**Work request:** Once you reach the line containing "Livrenpoche : Cinquantenaire" in the entries below, write out that line and each one after it down to the line containing "Nimbus 320 Coupe, Solgt", exactly and with nothing added.

BEGIN Task data

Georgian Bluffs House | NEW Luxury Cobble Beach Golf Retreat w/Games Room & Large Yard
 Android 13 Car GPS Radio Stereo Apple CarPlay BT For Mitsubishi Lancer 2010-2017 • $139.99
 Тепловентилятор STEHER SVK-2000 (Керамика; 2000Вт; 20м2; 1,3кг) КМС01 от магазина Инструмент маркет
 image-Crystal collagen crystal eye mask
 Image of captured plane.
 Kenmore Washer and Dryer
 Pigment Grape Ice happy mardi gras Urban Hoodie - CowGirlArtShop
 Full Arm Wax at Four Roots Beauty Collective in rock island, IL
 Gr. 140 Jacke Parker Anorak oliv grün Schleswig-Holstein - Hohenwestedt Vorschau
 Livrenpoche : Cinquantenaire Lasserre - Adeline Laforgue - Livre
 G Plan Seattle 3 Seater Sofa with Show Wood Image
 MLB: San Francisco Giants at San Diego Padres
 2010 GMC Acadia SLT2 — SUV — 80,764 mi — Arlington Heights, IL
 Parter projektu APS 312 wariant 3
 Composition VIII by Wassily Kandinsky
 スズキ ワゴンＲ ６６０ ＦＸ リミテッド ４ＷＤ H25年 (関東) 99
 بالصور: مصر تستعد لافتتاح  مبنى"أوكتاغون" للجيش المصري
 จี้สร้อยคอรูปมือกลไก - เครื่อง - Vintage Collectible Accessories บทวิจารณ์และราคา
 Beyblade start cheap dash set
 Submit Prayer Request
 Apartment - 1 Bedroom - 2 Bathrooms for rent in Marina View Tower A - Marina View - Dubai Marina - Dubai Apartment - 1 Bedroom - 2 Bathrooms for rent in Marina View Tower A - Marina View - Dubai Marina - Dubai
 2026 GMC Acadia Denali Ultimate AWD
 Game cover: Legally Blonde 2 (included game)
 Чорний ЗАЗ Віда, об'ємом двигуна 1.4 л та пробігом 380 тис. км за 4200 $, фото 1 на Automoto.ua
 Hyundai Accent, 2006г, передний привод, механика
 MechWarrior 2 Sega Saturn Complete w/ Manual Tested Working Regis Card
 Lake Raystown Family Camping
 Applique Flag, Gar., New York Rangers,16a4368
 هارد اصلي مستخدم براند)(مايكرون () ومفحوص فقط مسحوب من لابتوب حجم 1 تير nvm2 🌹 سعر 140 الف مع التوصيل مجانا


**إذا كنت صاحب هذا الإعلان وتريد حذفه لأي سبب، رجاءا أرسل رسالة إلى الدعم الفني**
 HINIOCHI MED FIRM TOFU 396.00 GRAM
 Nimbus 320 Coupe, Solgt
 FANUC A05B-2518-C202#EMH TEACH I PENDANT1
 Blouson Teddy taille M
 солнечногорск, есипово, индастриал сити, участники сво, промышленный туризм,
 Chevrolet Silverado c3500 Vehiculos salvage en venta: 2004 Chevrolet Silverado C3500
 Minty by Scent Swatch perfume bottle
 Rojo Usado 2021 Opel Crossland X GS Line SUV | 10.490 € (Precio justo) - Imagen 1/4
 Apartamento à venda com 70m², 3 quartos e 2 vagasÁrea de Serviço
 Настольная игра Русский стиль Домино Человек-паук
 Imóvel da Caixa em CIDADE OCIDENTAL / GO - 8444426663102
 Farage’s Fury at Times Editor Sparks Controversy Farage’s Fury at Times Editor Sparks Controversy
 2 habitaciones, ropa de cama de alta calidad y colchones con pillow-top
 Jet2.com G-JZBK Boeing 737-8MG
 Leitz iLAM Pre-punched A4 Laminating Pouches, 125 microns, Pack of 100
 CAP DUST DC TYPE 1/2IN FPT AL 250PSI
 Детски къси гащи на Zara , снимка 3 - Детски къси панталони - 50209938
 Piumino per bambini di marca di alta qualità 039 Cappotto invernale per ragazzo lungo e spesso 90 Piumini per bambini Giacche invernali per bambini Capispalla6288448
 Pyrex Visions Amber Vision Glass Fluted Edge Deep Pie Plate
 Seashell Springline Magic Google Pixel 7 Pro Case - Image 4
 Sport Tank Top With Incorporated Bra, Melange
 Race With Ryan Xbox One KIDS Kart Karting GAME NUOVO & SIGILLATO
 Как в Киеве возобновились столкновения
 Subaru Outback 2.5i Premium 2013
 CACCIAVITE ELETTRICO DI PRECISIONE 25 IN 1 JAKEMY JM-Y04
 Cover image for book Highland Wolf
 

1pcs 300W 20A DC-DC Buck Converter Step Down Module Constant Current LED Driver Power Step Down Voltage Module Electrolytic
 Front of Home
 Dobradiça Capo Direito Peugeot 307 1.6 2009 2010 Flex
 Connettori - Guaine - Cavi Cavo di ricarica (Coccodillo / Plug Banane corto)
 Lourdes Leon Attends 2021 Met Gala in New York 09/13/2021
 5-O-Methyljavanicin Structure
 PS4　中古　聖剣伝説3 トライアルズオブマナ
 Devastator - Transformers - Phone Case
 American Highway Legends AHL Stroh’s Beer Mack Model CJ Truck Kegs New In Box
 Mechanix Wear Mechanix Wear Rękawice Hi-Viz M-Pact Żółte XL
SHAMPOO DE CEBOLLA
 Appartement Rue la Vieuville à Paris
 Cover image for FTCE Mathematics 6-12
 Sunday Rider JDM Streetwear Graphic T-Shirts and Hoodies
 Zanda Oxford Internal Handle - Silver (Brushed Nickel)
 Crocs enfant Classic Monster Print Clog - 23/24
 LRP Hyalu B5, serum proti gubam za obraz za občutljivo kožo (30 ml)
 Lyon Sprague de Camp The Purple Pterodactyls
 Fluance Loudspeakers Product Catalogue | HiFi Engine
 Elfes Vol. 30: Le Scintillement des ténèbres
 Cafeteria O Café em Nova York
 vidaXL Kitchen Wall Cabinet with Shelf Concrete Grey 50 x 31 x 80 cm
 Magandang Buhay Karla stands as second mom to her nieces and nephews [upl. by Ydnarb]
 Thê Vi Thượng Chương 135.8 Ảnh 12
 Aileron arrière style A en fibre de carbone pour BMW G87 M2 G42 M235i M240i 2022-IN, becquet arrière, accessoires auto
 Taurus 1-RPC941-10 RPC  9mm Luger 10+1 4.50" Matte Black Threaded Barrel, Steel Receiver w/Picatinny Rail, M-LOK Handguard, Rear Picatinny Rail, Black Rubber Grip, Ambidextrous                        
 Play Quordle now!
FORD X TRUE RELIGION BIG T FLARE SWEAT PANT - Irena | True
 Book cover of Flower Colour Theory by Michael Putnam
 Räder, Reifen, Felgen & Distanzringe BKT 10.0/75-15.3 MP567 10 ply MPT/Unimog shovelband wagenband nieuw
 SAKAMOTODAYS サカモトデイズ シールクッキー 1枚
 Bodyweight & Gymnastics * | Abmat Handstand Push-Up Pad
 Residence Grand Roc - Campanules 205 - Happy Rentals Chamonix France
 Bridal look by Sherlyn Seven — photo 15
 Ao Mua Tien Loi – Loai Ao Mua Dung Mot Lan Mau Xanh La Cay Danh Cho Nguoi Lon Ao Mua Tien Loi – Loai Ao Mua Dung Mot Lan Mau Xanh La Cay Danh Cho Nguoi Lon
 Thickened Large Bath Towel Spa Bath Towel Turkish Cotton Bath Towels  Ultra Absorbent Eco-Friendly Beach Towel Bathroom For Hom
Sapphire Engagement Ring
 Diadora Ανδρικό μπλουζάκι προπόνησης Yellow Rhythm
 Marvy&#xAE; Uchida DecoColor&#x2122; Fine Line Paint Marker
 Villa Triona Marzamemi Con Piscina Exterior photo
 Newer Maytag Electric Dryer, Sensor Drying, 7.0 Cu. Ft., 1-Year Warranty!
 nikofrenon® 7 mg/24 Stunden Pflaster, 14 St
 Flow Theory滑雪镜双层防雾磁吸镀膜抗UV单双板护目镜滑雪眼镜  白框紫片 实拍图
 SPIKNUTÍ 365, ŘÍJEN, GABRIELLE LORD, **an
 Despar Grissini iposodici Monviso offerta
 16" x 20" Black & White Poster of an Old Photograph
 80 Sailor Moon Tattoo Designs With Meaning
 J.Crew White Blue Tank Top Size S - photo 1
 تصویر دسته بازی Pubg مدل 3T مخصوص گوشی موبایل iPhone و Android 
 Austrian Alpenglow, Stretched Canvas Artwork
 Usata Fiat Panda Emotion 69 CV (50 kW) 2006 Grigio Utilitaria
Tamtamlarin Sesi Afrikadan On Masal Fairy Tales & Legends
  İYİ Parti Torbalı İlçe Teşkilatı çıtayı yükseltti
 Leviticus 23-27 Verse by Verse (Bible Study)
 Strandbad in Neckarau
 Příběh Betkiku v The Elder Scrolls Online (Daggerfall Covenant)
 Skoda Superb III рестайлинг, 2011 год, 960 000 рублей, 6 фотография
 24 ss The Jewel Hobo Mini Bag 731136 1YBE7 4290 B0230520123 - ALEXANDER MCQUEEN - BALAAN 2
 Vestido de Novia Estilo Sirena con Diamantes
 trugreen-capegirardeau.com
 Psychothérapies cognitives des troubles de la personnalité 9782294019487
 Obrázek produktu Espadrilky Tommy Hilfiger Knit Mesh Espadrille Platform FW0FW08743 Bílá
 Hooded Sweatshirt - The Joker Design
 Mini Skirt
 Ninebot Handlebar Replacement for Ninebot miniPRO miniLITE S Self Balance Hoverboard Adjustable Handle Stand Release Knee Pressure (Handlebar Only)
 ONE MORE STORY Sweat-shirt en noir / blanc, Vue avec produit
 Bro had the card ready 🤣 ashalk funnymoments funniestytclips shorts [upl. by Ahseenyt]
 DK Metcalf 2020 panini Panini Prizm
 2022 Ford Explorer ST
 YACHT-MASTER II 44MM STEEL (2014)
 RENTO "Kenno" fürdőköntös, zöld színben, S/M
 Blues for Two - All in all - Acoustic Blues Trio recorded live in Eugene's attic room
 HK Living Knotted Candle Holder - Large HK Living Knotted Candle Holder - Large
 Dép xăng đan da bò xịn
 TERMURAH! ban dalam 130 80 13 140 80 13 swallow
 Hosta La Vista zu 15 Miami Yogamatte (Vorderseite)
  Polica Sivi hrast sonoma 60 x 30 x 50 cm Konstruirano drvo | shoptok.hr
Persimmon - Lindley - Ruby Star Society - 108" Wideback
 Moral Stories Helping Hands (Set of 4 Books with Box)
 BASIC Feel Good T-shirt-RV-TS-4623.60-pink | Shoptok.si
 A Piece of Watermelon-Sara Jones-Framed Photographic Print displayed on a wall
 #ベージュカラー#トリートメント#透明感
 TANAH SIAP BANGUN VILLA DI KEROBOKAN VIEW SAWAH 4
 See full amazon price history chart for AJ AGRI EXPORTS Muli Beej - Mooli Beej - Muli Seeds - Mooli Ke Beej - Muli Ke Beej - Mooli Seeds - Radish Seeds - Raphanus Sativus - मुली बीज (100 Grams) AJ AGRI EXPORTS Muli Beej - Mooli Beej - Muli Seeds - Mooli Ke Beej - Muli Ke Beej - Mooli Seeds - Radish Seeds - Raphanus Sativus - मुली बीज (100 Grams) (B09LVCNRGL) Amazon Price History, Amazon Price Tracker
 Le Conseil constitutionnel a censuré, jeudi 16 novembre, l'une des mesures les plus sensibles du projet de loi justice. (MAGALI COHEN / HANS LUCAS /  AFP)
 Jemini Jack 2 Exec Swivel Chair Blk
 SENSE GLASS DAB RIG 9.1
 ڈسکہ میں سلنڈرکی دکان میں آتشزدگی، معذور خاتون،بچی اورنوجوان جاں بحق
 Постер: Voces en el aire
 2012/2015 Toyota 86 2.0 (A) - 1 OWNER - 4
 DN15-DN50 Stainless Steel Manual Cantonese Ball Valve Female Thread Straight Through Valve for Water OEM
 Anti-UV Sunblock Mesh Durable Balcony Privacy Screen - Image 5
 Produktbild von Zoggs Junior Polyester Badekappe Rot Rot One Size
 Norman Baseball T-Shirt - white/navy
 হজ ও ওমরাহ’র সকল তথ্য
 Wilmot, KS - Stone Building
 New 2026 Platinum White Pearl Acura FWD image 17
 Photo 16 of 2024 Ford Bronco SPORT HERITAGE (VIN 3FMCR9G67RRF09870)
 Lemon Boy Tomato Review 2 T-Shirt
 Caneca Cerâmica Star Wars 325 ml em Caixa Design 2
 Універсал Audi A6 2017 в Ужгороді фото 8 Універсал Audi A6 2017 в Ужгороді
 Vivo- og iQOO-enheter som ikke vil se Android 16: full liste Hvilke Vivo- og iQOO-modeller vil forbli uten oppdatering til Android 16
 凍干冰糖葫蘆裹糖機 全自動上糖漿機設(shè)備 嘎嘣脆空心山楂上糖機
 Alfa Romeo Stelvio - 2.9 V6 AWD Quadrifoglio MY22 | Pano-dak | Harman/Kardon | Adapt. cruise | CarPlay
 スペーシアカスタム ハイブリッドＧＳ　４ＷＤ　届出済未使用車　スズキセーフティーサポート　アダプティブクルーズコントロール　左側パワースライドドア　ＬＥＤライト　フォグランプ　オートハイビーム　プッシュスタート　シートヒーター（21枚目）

END Task data

**Response to the task:**
 Livrenpoche : Cinquantenaire Lasserre - Adeline Laforgue - Livre
 G Plan Seattle 3 Seater Sofa with Show Wood Image
 MLB: San Francisco Giants at San Diego Padres
 2010 GMC Acadia SLT2 — SUV — 80,764 mi — Arlington Heights, IL
 Parter projektu APS 312 wariant 3
 Composition VIII by Wassily Kandinsky
 スズキ ワゴンＲ ６６０ ＦＸ リミテッド ４ＷＤ H25年 (関東) 99
 بالصور: مصر تستعد لافتتاح  مبنى"أوكتاغون" للجيش المصري
 จี้สร้อยคอรูปมือกลไก - เครื่อง - Vintage Collectible Accessories บทวิจารณ์และราคา
 Beyblade start cheap dash set
 Submit Prayer Request
 Apartment - 1 Bedroom - 2 Bathrooms for rent in Marina View Tower A - Marina View - Dubai Marina - Dubai Apartment - 1 Bedroom - 2 Bathrooms for rent in Marina View Tower A - Marina View - Dubai Marina - Dubai
 2026 GMC Acadia Denali Ultimate AWD
 Game cover: Legally Blonde 2 (included game)
 Чорний ЗАЗ Віда, об'ємом двигуна 1.4 л та пробігом 380 тис. км за 4200 $, фото 1 на Automoto.ua
 Hyundai Accent, 2006г, передний привод, механика
 MechWarrior 2 Sega Saturn Complete w/ Manual Tested Working Regis Card
 Lake Raystown Family Camping
 Applique Flag, Gar., New York Rangers,16a4368
 هارد اصلي مستخدم براند)(مايكرون () ومفحوص فقط مسحوب من لابتوب حجم 1 تير nvm2 🌹 سعر 140 الف مع التوصيل مجانا


**إذا كنت صاحب هذا الإعلان وتريد حذفه لأي سبب، رجاءا أرسل رسالة إلى الدعم الفني**
 HINIOCHI MED FIRM TOFU 396.00 GRAM
 Nimbus 320 Coupe, Solgt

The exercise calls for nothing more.